**Problem requirements**
Below are entries. Give back exactly the lines from the one containing "Liebesgeschwüre - Ina Brinkmann - ebook" through the one containing "Cover for Janosch", inclusive, without the pictures.

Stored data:
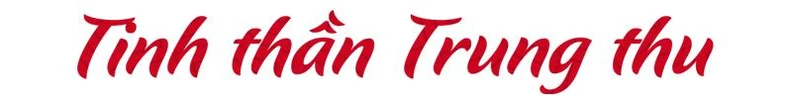 Trung thu và di sản tinh thần -0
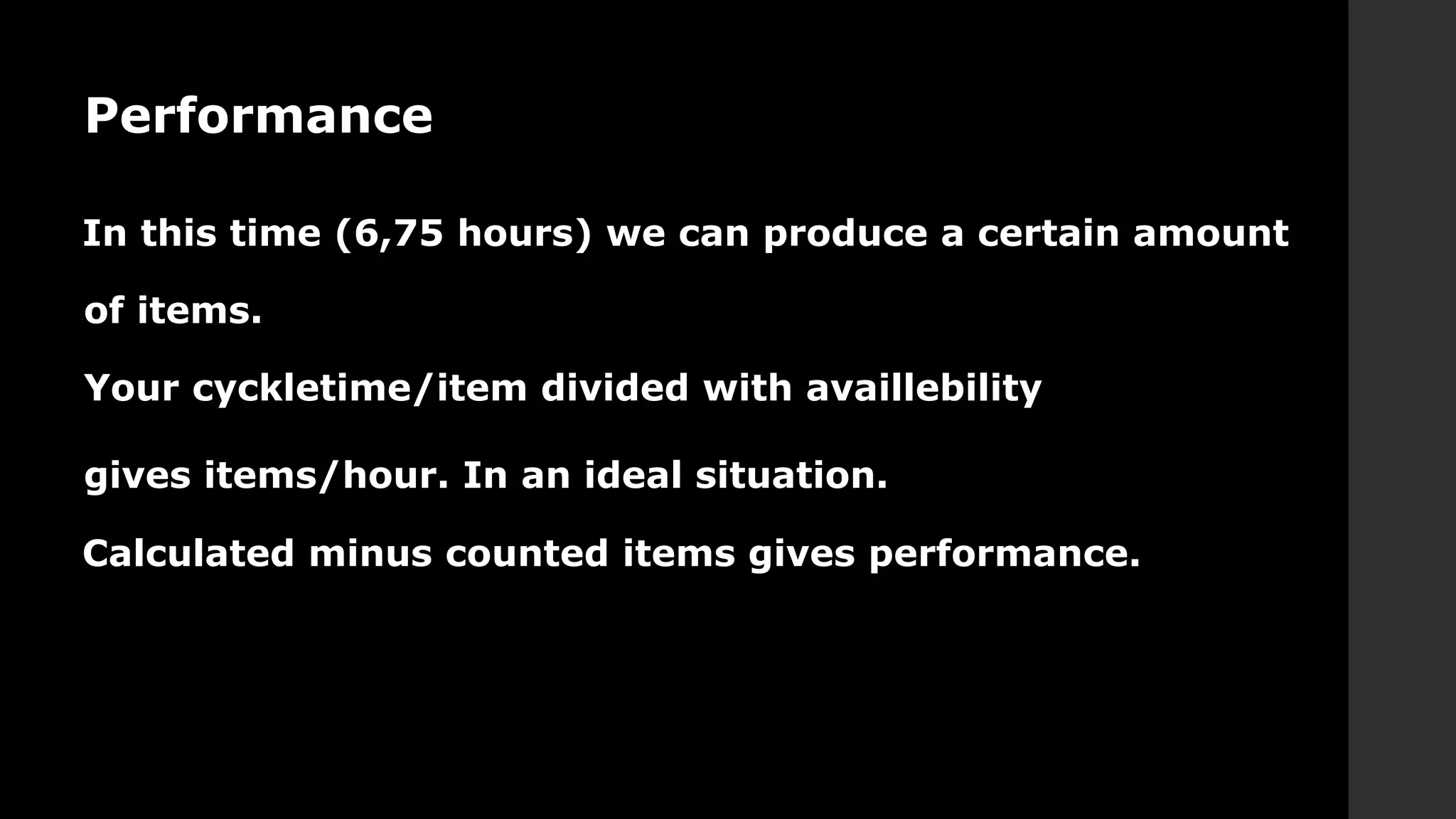 Performance
In this time (6,75 hours) we can produce a certain amount
of items.
Your cyckletime/item divided with availlebility
gives items/hour. In an ideal situation.
Calculated minus counted items gives performance.
 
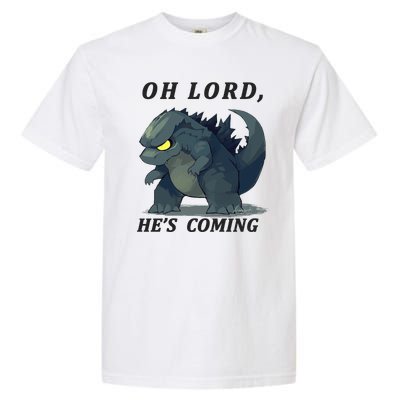 Oh Lord He's Coming Funny Monster Garment-Dyed Heavyweight T-Shirt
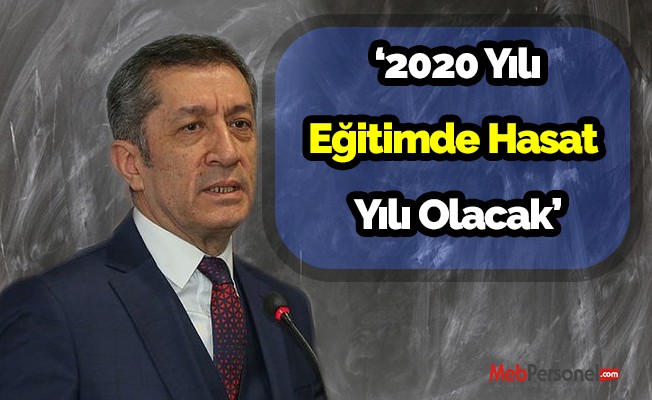 Bakan Selçuk: 2020 eğitimde hasat yılı olacak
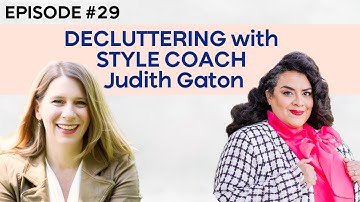Decluttering with Style Coach Judith Gaton | EP 29 | The Decluttering Club Podcast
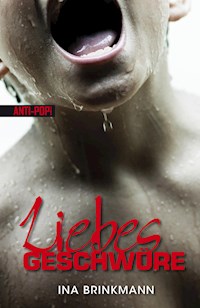 Liebesgeschwüre - Ina Brinkmann - ebook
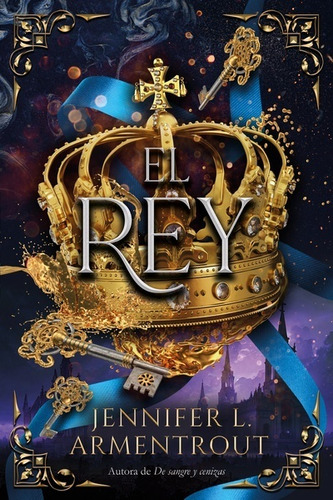 El Rey - Libro 2 - Spin Off Cazadora De Hadas - Jennifer L. 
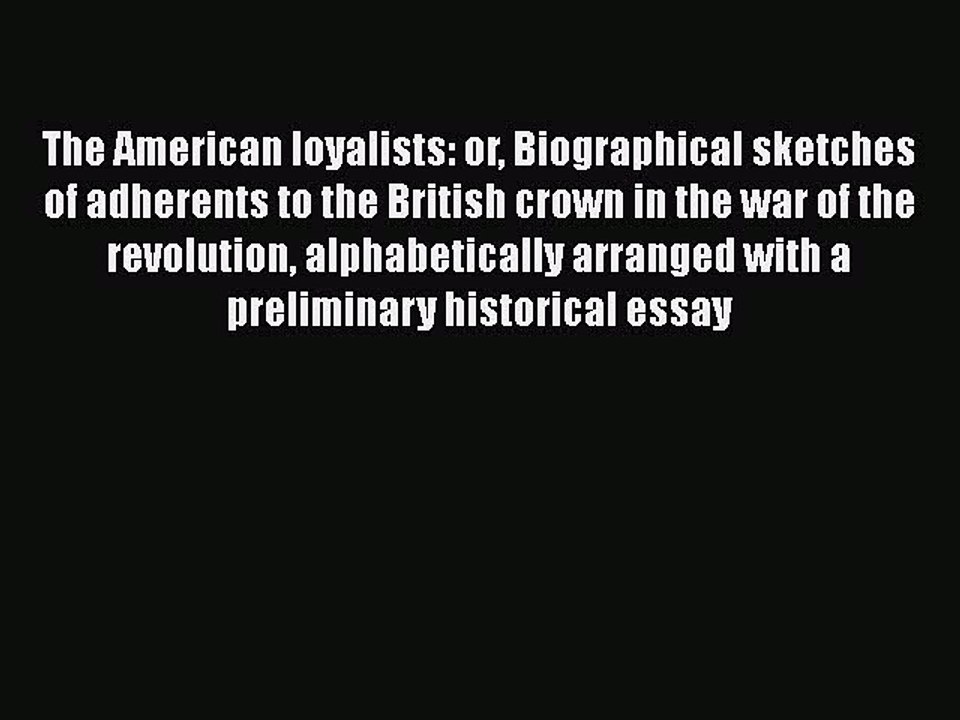 [Read book] The American loyalists: or Biographical sketches of adherents to the British crown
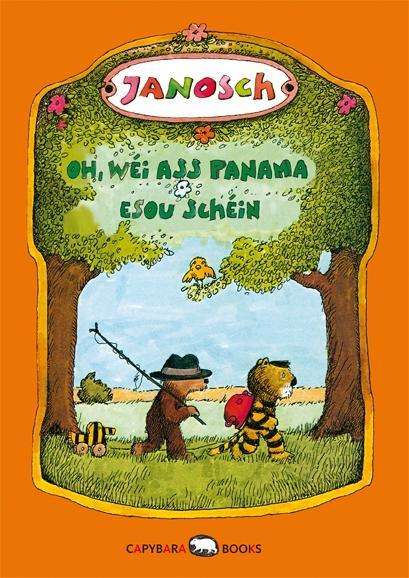 Cover for Janosch · Oh, wéi ass Panama esou schéin (Book)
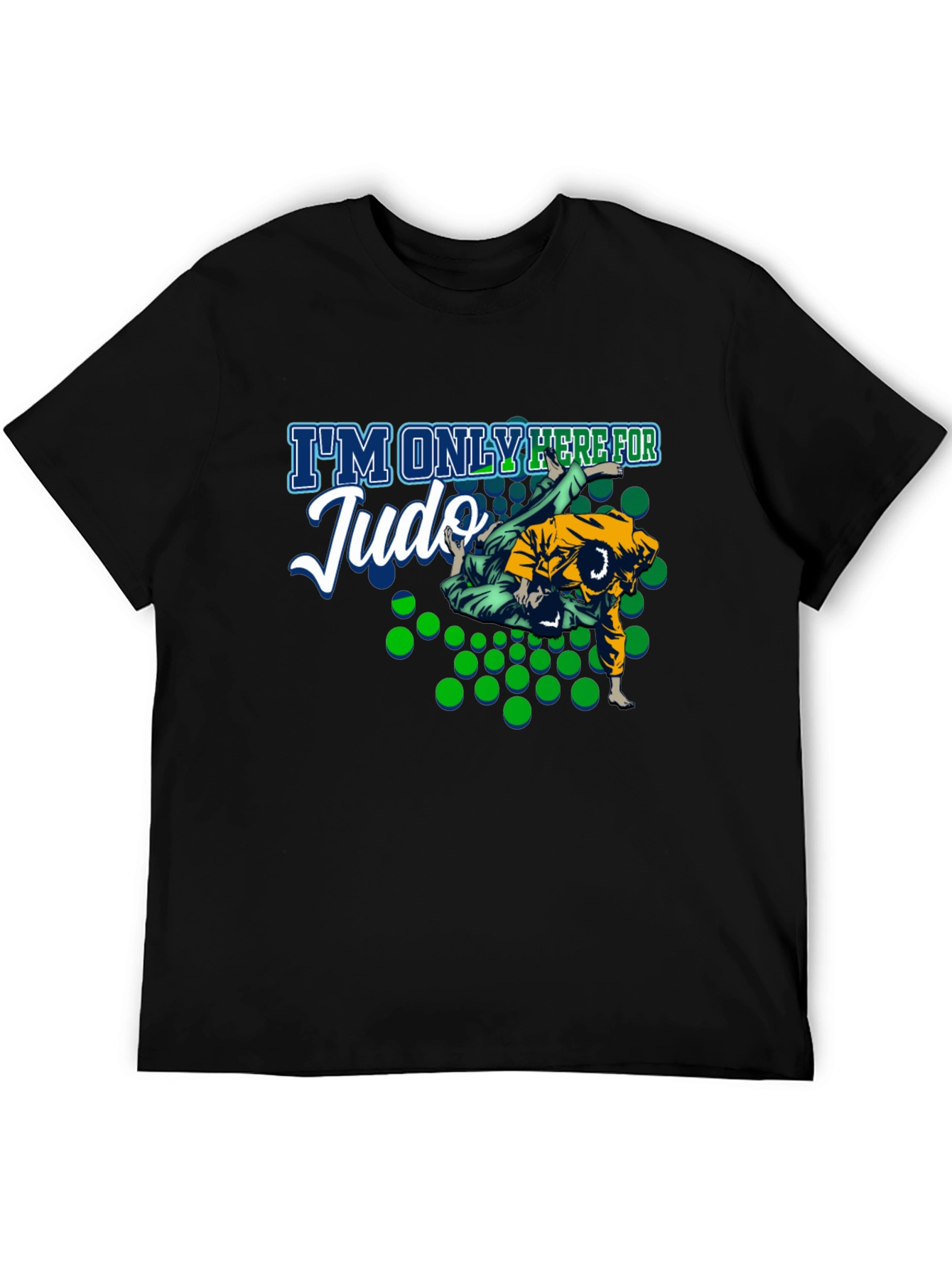 Judo T-Shirt - Im Only Here For Judo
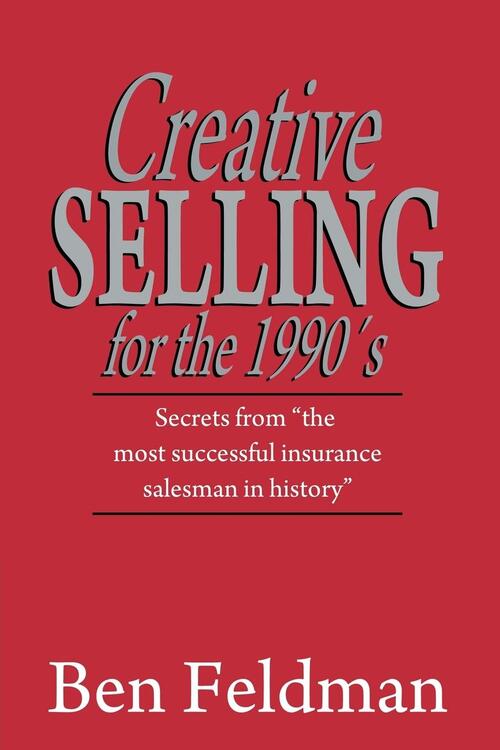 Creative Selling for the 1990's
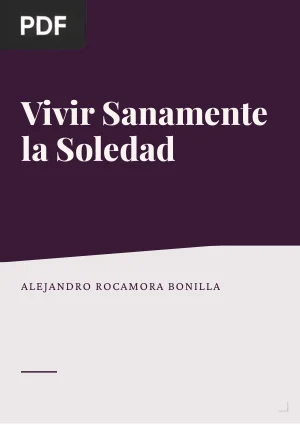 Vivir sanamente la soledad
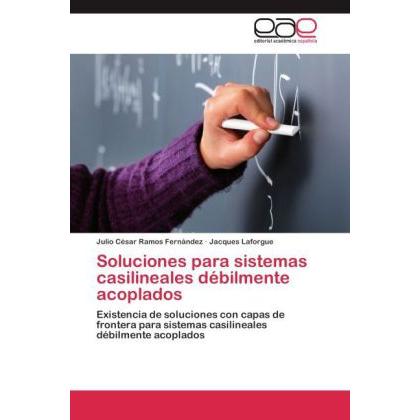 Soluciones para sistemas casilineales débilmente acoplados, Fachbücher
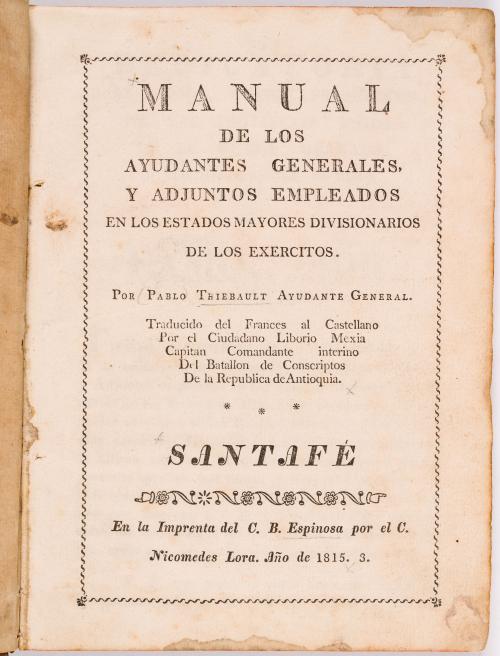 Thiébault, Pablo : Manual de los ayudantes generales y adjuntos empleados en los Estados Mayores divisionarios de los exercitos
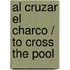 Al cruzar el charco / To Cross the Pool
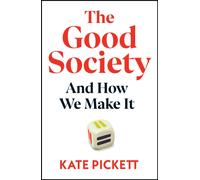 The Good Society : And How We Get There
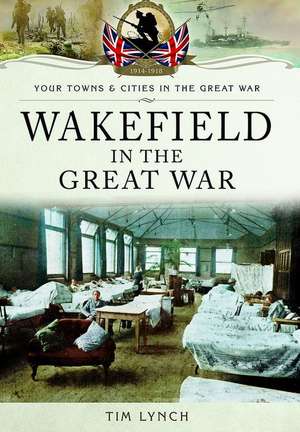 Wakefield in the Great War de Timothy Lynch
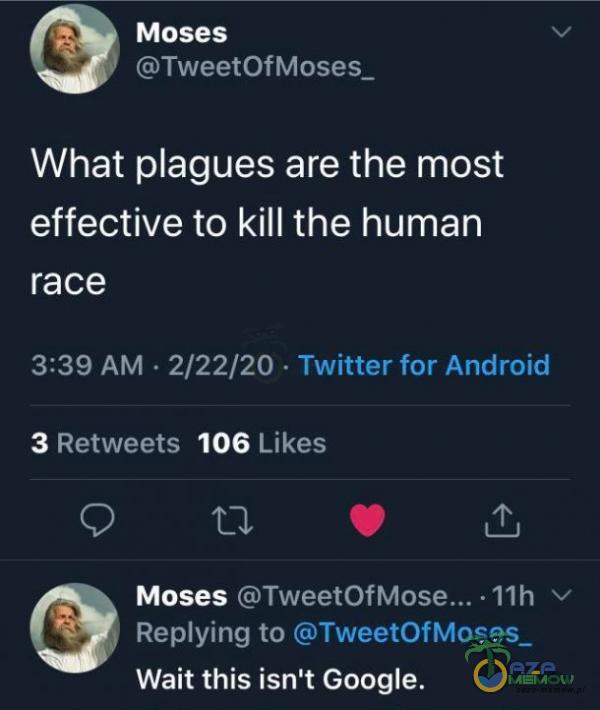 Moses - GTwestOfMasgs_ What agues are the most SSG TWZEK COW AI Kata Wiratzla) race 339 AM - 2/22/20 - Twitter tur Andrujci 3 Retwagts 106 Likes Q a * gli Moses 5 11h = Reylng to GTwestOfWasee. Wait this isn t Google.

**Solution for this exercise**
 Liebesgeschwüre - Ina Brinkmann - ebook
 El Rey - Libro 2 - Spin Off Cazadora De Hadas - Jennifer L. 
 [Read book] The American loyalists: or Biographical sketches of adherents to the British crown
 Cover for Janosch · Oh, wéi ass Panama esou schéin (Book)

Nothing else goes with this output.